What the task requires> Although the data below contains pictures, please reproduce only its words, exactly.

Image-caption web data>
⟨
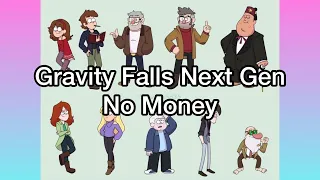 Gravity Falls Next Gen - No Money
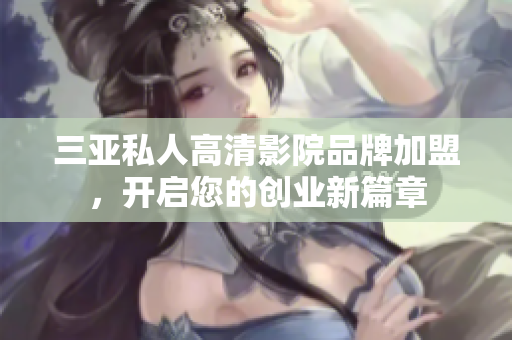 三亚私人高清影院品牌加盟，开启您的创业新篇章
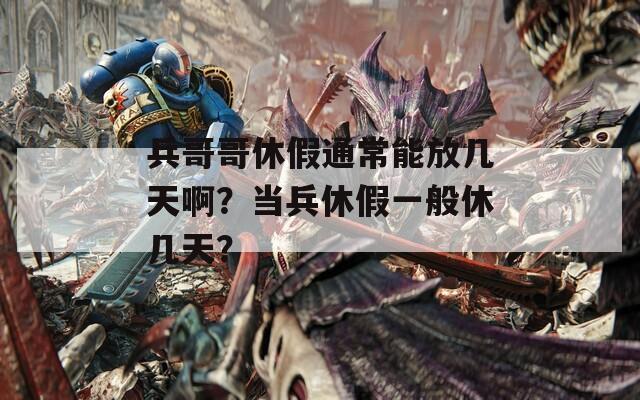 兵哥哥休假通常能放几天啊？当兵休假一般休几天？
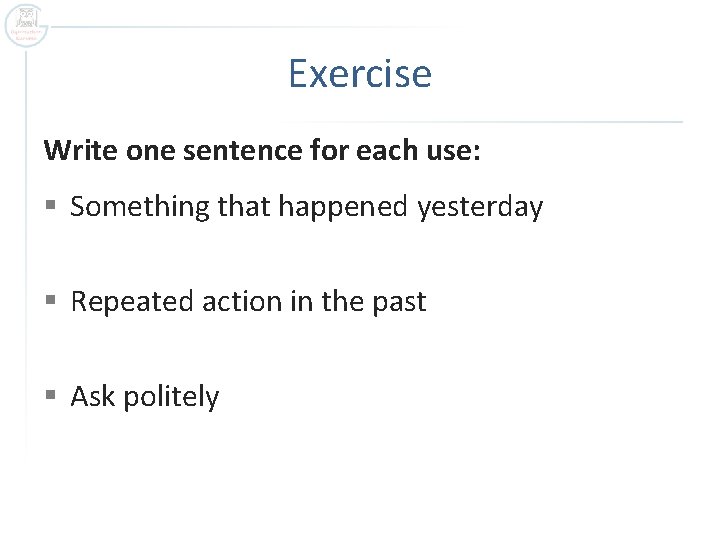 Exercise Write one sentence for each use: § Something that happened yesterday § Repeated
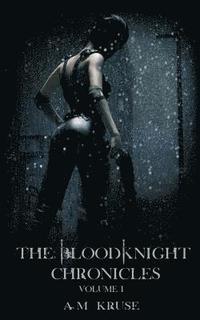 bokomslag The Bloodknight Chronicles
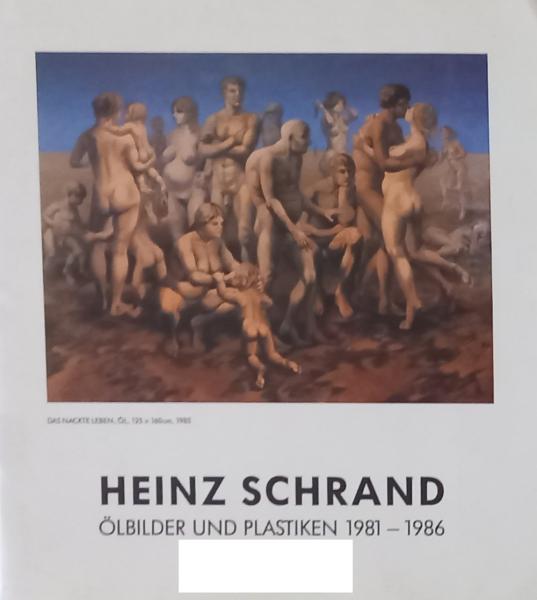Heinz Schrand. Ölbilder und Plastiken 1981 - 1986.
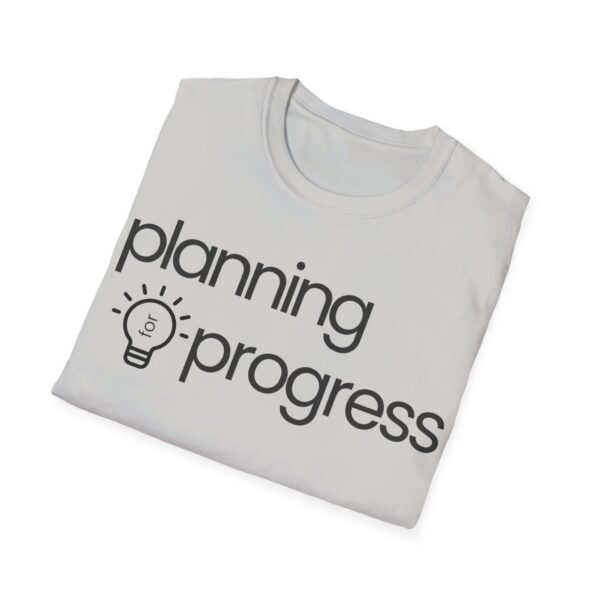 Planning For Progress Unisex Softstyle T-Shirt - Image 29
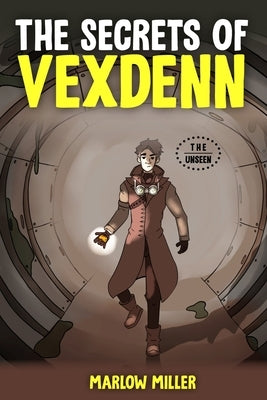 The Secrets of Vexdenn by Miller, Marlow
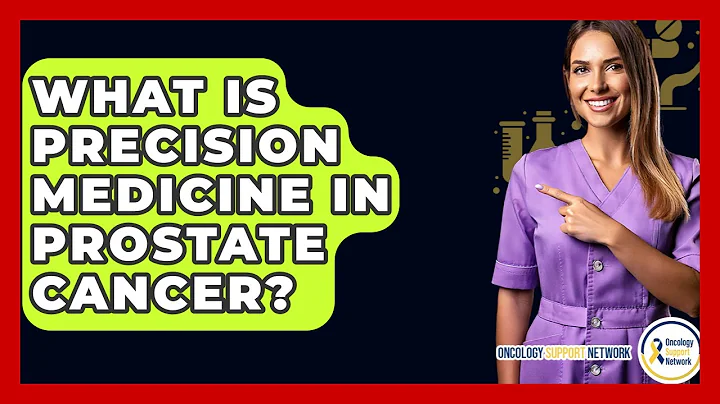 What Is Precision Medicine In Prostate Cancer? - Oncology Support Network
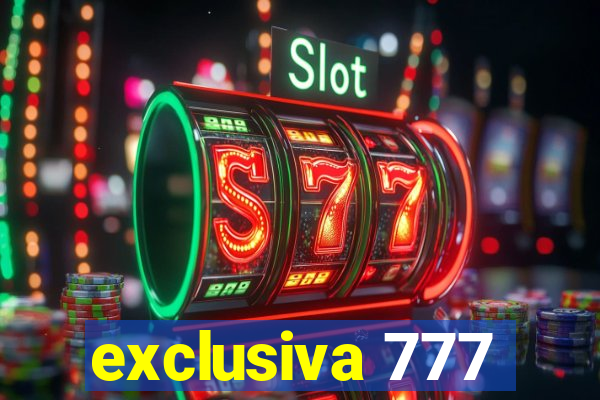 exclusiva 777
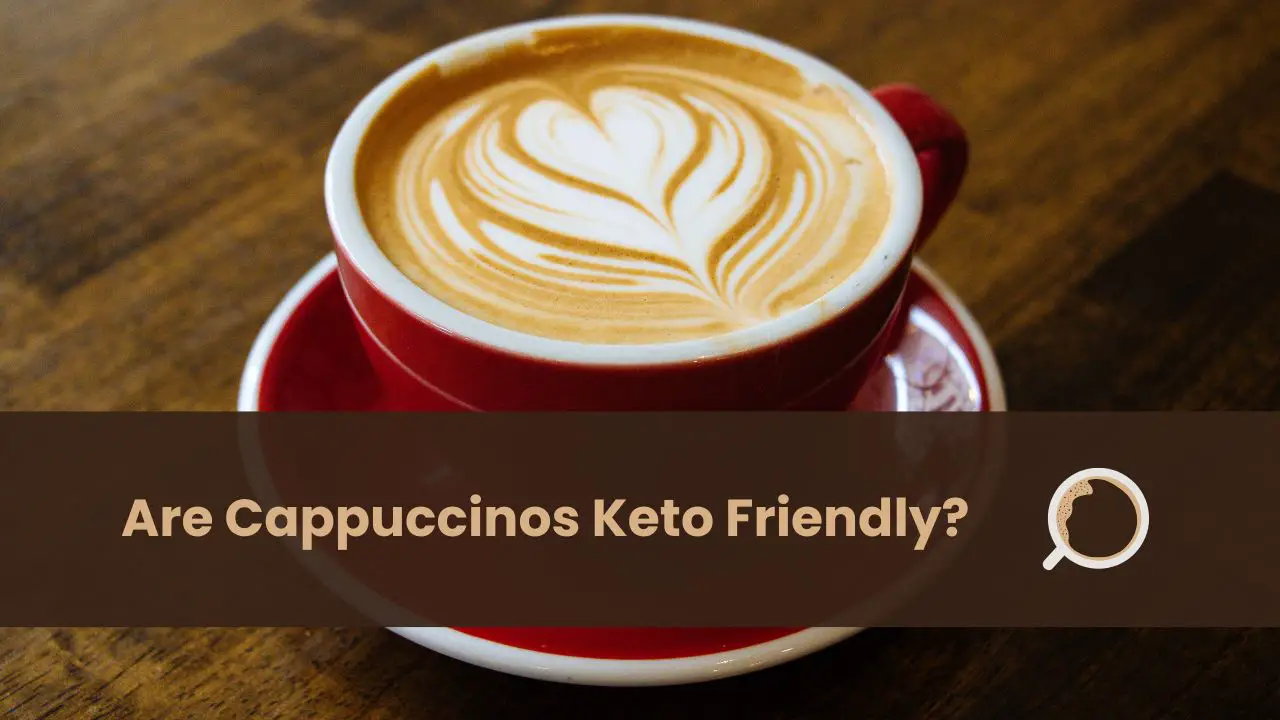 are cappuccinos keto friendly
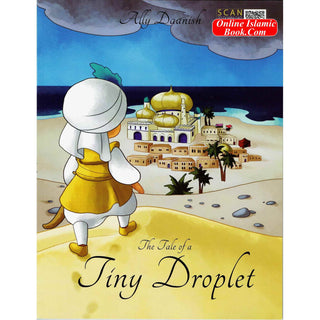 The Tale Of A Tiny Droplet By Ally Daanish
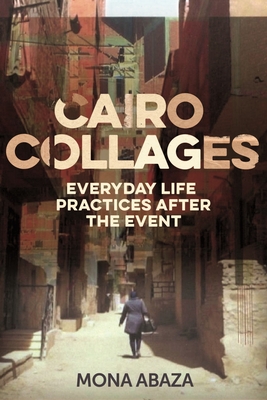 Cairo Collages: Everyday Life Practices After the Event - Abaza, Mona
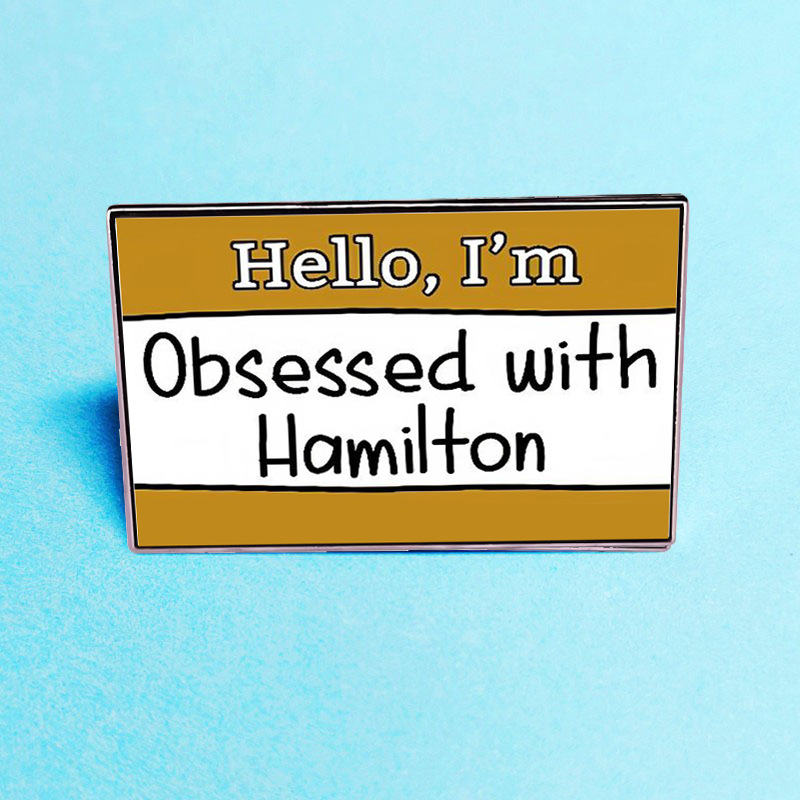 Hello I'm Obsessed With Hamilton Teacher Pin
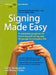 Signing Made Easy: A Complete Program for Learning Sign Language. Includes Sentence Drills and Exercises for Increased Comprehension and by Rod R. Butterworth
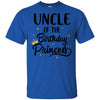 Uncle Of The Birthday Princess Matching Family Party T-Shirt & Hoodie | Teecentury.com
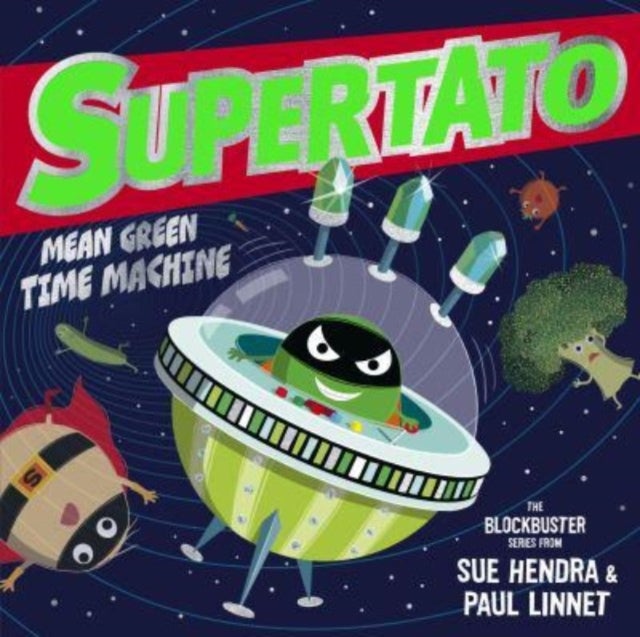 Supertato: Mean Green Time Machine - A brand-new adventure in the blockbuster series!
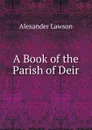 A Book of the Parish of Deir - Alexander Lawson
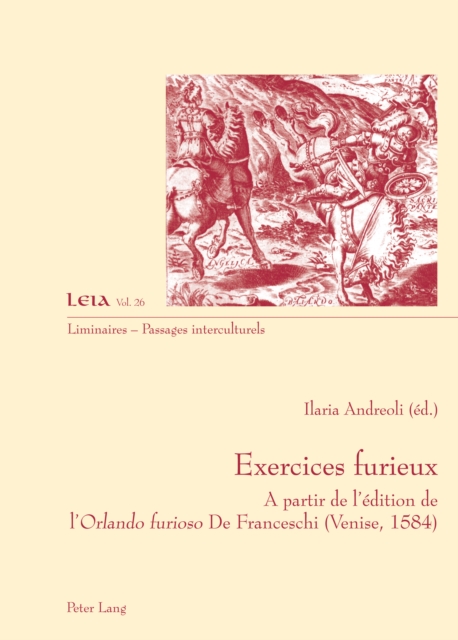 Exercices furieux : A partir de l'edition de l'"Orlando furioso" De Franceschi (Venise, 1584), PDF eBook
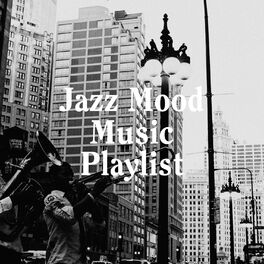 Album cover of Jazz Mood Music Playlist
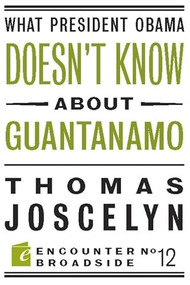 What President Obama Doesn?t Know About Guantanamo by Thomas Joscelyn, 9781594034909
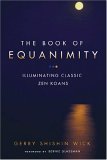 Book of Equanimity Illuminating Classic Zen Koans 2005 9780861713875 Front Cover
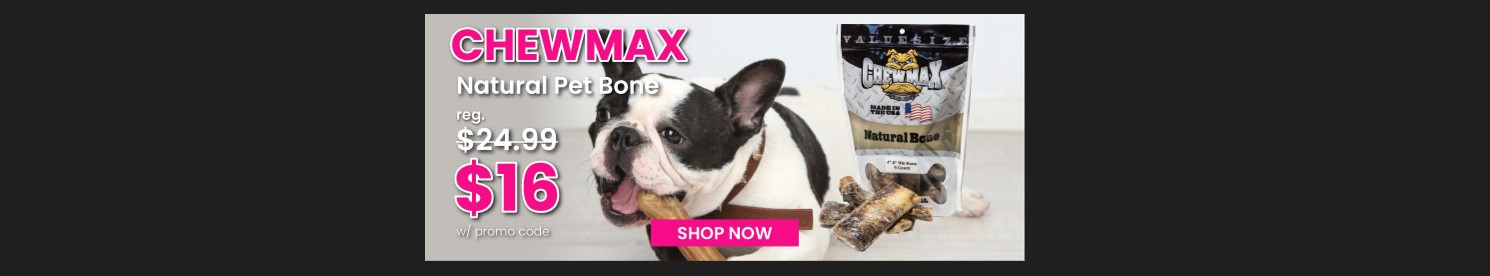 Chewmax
⟩
Expected answer>
 Gravity Falls Next Gen - No Money
 三亚私人高清影院品牌加盟，开启您的创业新篇章
 兵哥哥休假通常能放几天啊？当兵休假一般休几天？
 Exercise Write one sentence for each use: § Something that happened yesterday § Repeated
 bokomslag The Bloodknight Chronicles
Heinz Schrand. Ölbilder und Plastiken 1981 - 1986.
 Planning For Progress Unisex Softstyle T-Shirt - Image 29
 The Secrets of Vexdenn by Miller, Marlow
 What Is Precision Medicine In Prostate Cancer? - Oncology Support Network
 exclusiva 777
 are cappuccinos keto friendly
 The Tale Of A Tiny Droplet By Ally Daanish
 Cairo Collages: Everyday Life Practices After the Event - Abaza, Mona
 Hello I'm Obsessed With Hamilton Teacher Pin
 Signing Made Easy: A Complete Program for Learning Sign Language. Includes Sentence Drills and Exercises for Increased Comprehension and by Rod R. Butterworth
 Uncle Of The Birthday Princess Matching Family Party T-Shirt & Hoodie | Teecentury.com
 Supertato: Mean Green Time Machine - A brand-new adventure in the blockbuster series!
 A Book of the Parish of Deir - Alexander Lawson
 Exercices furieux : A partir de l'edition de l'"Orlando furioso" De Franceschi (Venise, 1584), PDF eBook
 Album cover of Jazz Mood Music Playlist
 What President Obama Doesn?t Know About Guantanamo by Thomas Joscelyn, 9781594034909
 Book of Equanimity Illuminating Classic Zen Koans 2005 9780861713875 Front Cover
 Chewmax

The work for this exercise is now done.